Three Ways to Look at Time

ST-ResNet's core insight is that not all history is created equal.

When you're predicting crime in Auckland next month, three different kinds of past information matter. What happened in the last couple of months: the recent trend. What happened at the same time last year: the seasonal pattern. And what's been happening over the longer term: whether crime is generally rising or falling in an area.

ConvLSTM treats all of this as one continuous sequence and hopes the network figures out which parts matter. ST-ResNet takes a more opinionated approach. It separates these three temporal scales explicitly and gives each one its own dedicated neural network branch.

The original paper by Zhang et al. was about predicting crowd flows in Beijing. People move through cities in patterns that look a lot like crime patterns: daily rhythms, weekly cycles, long-term trends. The architecture translates well to crime data, with some modifications.

Closeness, period, trend

The three branches each look at different slices of history:

Closeness captures what's been happening recently. For our monthly data, this means the last 3 months. If South Auckland has been trending upward over the last quarter, the closeness branch sees that momentum.

Period captures seasonal patterns. It looks at the same month in previous years. So to predict January 2026, it pulls in January 2025 and January 2024. The assumption is that crime has an annual rhythm, and the same month tends to look similar year to year.

Trend captures longer-term shifts. It uses quarterly averages from further back: broad strokes of whether an area is seeing more or less crime over time. This is the slowest-moving signal.
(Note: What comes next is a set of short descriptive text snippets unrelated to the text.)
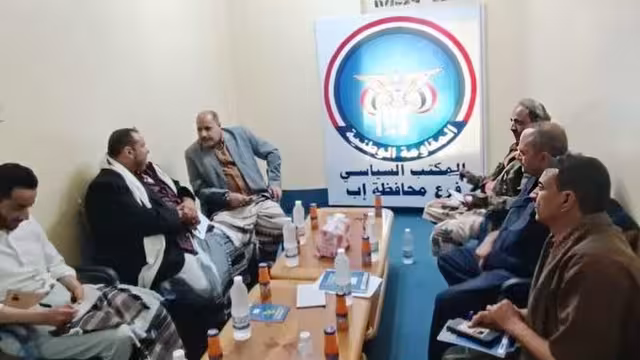 رئيس فرع سياسي المقاومة الوطنية لمحافظة إب يلتقي مدير قعطبة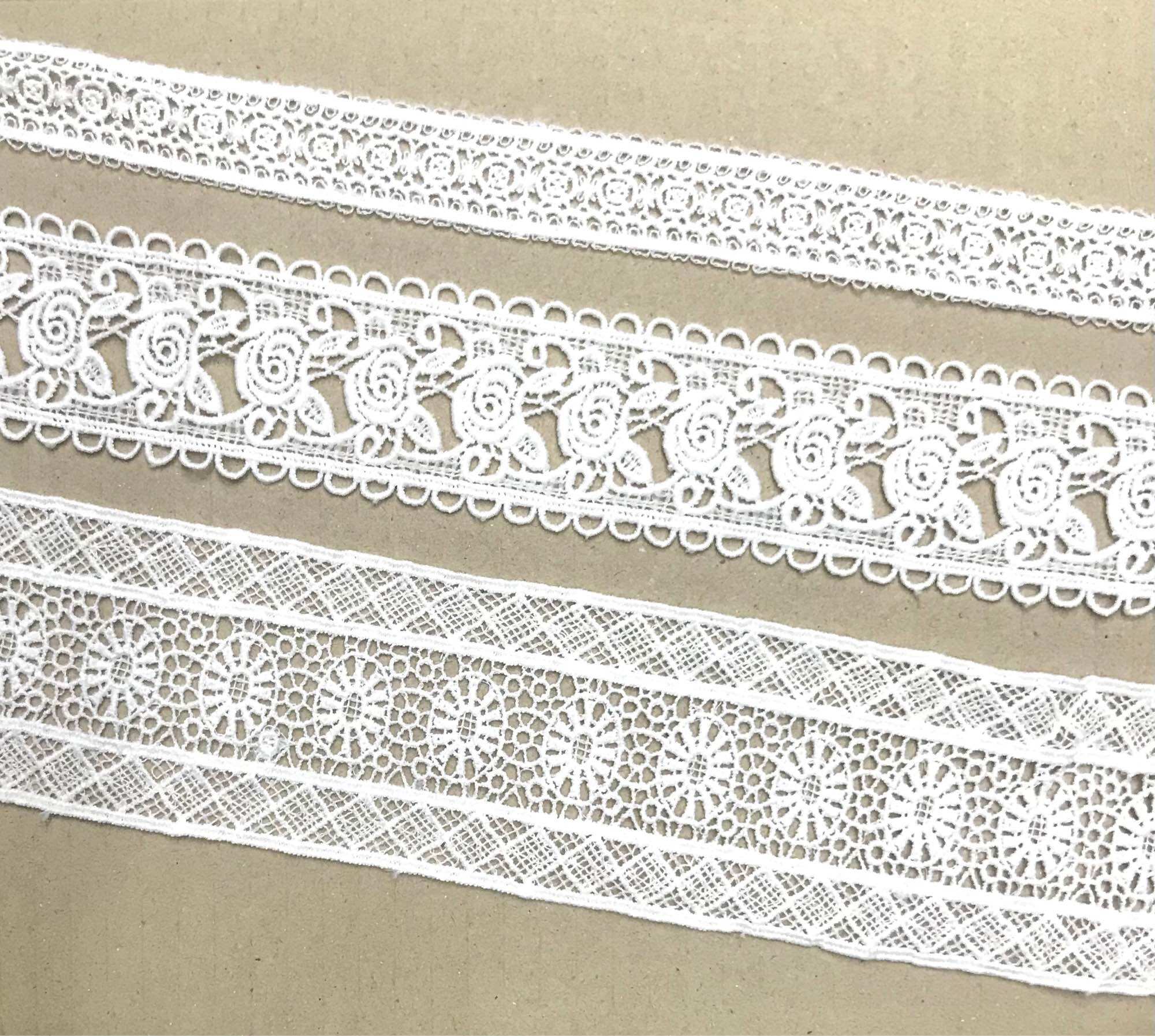 1 mét ren cotton màu trắng.
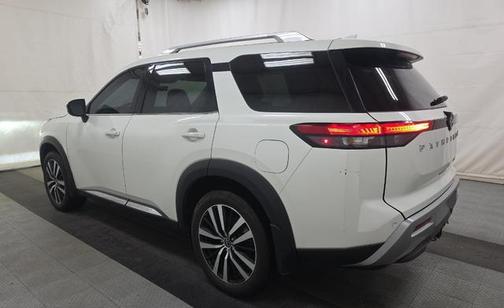 2023 Nissan Pathfinder Platinum 4WD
Each branch independently processes its temporal slice through a stack of residual convolutional blocks, then a learned fusion layer combines the three outputs:

prediction = W_c · closeness + W_p · period + W_t · trend + bias

Where W_c, W_p, and W_t are learned weights that vary by grid cell. This is a nice touch. It means the model can decide that the CBD's crime is mostly driven by recent trends (closeness), while a residential suburb might be more seasonal (period). Different areas get different temporal recipes.

Residual blocks

Each branch uses residual convolutional units, the building blocks that made ResNet so successful in image recognition.

The key idea: instead of learning the full output at each layer, the network learns the residual, the difference between input and output. The identity shortcut connection means gradients flow cleanly through the network during training, which lets you stack more layers without the signal degrading.

ResUnit(X) = ReLU(Conv(ReLU(Conv(X))) + X)

That + X at the end is the skip connection. If the layer has nothing useful to add, it can learn weights near zero and just pass the input through. This makes deeper networks stable, which matters when you're trying to learn spatial features at multiple scales.

For our grid, I use 4 residual units per branch. Each unit has two 3×3 convolutional layers with 32 filters. That's deep enough to capture spatial relationships across several kilometres without being so deep that the model overfits on 36 months of training data.

The NZ-specific problem

Here's where theory meets reality, and it gets a bit awkward.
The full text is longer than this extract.